One way that addresses both present and future needs would be for the federal government to help each state now in return for a commitment to establish a rainy day fund. The fund, which would smooth state budgets during both good and bad times, could be set at some percentage of the state’s normal output level. To prevent states from raiding the fund, the money would only be released if some regional or national measure of economic conditions such as the unemployment rate crosses a predetermined threshold. As an additional inducement, the federal government could provide help with no strings attached to states with rainy day funds if the size of the state budget shortfall exceeds the size of fund, as it might in severe recessions like the one we just had.
Even if the terms are very attractive, some states may have difficulty doing this voluntarily. States will not want to set revenue aside during booms since, with all the unmet needs each state has, there’s always a way to spend the extra revenue that comes with boom times. To avoid this, it may be necessary to force states to run surpluses during the times when revenues are robust. Tying a rainy day fund to, say, federal transportation funds is one way to force the desired behavior.
Even though this would cost the federal government more now, there would be considerable savings in the future since states would be able to cover their losses during recessions rather than turning to the federal government for help, but politics may squelch that plan. Perhaps there is a way to creatively combine monetary and fiscal policy that would be attractive to lawmakers (this proposal comes from a colleague here at the University of Oregon, George Evans).

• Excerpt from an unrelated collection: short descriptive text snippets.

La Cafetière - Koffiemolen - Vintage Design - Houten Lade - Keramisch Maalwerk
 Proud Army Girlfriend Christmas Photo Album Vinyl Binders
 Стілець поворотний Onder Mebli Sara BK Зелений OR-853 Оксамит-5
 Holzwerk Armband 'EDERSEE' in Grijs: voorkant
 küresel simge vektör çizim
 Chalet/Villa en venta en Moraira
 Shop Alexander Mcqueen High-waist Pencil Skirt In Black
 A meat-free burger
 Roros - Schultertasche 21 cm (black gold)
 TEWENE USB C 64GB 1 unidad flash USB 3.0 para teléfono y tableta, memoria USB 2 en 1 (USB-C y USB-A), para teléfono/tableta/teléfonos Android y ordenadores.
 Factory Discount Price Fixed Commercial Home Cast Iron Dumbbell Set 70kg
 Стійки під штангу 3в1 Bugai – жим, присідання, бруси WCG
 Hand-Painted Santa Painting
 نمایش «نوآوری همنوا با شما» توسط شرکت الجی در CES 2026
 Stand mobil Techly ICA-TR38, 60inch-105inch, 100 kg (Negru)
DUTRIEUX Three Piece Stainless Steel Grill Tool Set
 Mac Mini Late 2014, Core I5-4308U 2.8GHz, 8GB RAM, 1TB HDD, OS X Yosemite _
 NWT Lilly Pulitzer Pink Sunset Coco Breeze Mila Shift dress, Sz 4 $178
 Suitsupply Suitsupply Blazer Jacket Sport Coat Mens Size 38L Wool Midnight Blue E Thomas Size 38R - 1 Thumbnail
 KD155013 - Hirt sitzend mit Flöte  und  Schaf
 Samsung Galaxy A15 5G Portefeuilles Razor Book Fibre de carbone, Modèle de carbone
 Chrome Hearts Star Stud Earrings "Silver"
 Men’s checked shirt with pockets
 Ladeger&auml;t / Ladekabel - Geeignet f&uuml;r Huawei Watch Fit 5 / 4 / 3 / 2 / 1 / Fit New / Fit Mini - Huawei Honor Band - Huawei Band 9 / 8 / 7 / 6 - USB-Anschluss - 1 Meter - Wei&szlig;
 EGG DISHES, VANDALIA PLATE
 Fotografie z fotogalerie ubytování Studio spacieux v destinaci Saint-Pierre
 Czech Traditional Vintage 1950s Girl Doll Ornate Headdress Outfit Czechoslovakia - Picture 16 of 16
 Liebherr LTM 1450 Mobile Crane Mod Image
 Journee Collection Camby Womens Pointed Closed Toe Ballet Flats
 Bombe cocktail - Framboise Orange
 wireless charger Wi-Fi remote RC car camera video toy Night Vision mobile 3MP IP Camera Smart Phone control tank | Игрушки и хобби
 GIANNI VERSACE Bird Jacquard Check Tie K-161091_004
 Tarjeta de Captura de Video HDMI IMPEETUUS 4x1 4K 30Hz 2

State and local governments are required to balance their budgets, but there is an exception in most states for capital projects, and there is plenty of need for such projects. The American Society of Civil Engineers estimates we need to spend $2.2 trillion over five years to bring infrastructure up to speed, an investment that will raise potential output and increase economic growth in addition to helping with the recovery.
How would this infrastructure spending be financed? The budget problems that state and local governments face make it difficult for them to issue bonds to finance these projects at reasonable interest rates. That leaves the Federal Reserve and the Treasury to purchase state and local bonds issued to fund these projects. The Treasury would provide financing at relatively low interest rates up to a preset amount for qualifying projects, perhaps augmented with a federal subsidy or matching funds to encourage states to undertake these investments (“Build America Bonds” in the American Recovery and Reinvestment Act do something similar on a small scale, and these have been very popular).
The additional quantitative easing that the Federal Reserve is considering can also help by buying long-term U.S. Treasuries in an attempt to reduce long-term interest rates. In effect, the Fed would end up purchasing the bonds the Treasury issues to provide financing to state and local governments. When all is said and done, the new infrastructure projects would be financed by the Fed’s quantitative easing without the need for the Fed to set fiscal policy — that remains under the Treasury’s control.
It is likely to be quite some time before the budget problems that state and local governments face are resolved. Thus, there’s plenty of time for the federal government to provide more help, and there is a clear need for it. The only question is whether there is enough political support for further action. Support for unconditional aid to the states is clearly not there, but perhaps a proposal tied to the establishment of a rainy day fund, or a creative byproduct of quantitative easing that enhances our infrastructure, would find a more receptive audience. Let’s hope so. It’s essential that we do something about the budget problems state and local governments face if we want to return to a robust economy sooner rather than later, and our neglected, crumbling infrastructure needs all the help it can get.